In my Medieval Lit class, we’re focusing on manuscripts for the next few weeks, and so I thought I’d turn my class loose with Recap and some introductory videos on MSS to see how Recap works.

Once you’re logged in to Recap, you make classes:

Screen Shot 2017-05-02 at 9.00.49 AM

There’s my Medieval class.

At the upper right of that screen is the ‘Add Recap’ button, which allows you to write questions for your students to answer and you can set the length of max response (2 mins max).

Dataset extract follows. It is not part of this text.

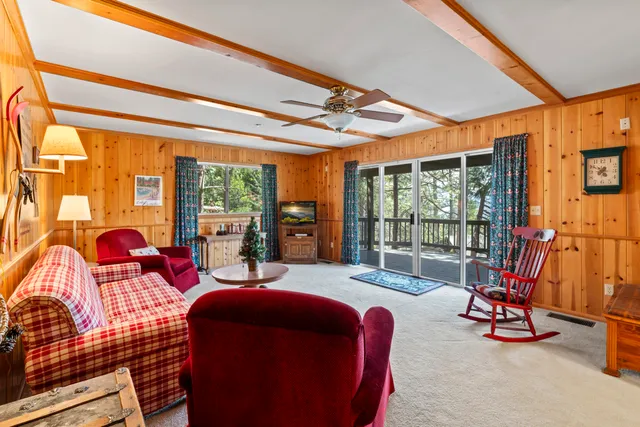 $889,999 | 783 Crown Drive, Lake Arrowhead, CA 92352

When I first started writing the questions, I was sticking to largely objective questions (because they were the ones that came to mind) but I realized that it seemed somewhat wasteful for students to record answers to objective questions (though I was happier with the video responses to those questions than I expected; more on that below). As I went on, however, I made more open-ended questions, including questions that required physical props; this, it would seem, is the real advantage to Recap, is the ability to hold before the camera in a dynamic way objects to enhance a response.

Once the students answer and submit, the teacher has a summary screen:

Screen Shot 2017-05-02 at 9.25.00 AM

(At the risk of sounding defensive, the students were working in groups, which is why the percentage is so low.)

You can see too that students are able to rate their understanding with a simple visual key and student videos are available for watching at the bottom.

Here’s a screen-scroll of all of the responses / summary screens:

ScreenFlow from Ed DeHoratius on Vimeo.

Recap also produces (and I mean that to some extent in the technical sense as well) a ‘Daily Review Reel’ (at upper right) that puts together the videos with some music, borders, and the question at the beginning. (I’m not quite sure why all of the videos didn’t make the review reel but I did find that you could add or subtract videos from the reel; perhaps they try to keep the review reel on the shorter side?)

Here’s a link to the video (Recap provides this; no embed code as far as I could find). And here’s the screen-grabbed video:

ScreenFlow from Ed DeHoratius on Vimeo.

In the end, I’m always trying to assess whether a new tool like this has staying power. Is it an effective tool for me and my students to make more efficient and more successful my teaching and their learning? The easy answer is I don’t know. They were initially skeptical (at best) of videoing their answers but, once they got used to the idea, they produced good responses in a more natural and comfortable way. I enjoyed listening to the answers because their personalities came through. And even for the objective questions, which, as I said above, I felt like was a bit of a waste for this kind of format, it seemed like they had a better handle on that objective information than they would have if they were writing it down, filling in a blank, etc. I will try to do circle back to this information later to test that sense, but that was an initial impression.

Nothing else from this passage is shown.